*WHAT TO DO:* Copy all lines holding the word "Back" from the entries.

*INPUT FOR THIS TASK:*
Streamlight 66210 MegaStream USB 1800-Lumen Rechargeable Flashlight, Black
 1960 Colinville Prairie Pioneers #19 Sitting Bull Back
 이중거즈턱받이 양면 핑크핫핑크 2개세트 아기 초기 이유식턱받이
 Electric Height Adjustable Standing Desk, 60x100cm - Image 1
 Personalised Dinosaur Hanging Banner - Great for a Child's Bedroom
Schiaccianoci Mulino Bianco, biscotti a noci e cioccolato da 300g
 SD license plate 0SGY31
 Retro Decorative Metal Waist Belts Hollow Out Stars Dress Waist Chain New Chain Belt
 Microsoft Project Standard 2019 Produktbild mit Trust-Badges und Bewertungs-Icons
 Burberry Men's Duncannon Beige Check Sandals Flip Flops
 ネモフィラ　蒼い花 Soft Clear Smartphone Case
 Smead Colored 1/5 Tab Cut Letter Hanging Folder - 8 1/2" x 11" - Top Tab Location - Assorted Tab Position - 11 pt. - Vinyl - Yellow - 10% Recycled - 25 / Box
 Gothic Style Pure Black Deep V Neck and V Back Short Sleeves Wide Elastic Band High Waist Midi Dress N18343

*SOLUTION:*
 1960 Colinville Prairie Pioneers #19 Sitting Bull Back
 Gothic Style Pure Black Deep V Neck and V Back Short Sleeves Wide Elastic Band High Waist Midi Dress N18343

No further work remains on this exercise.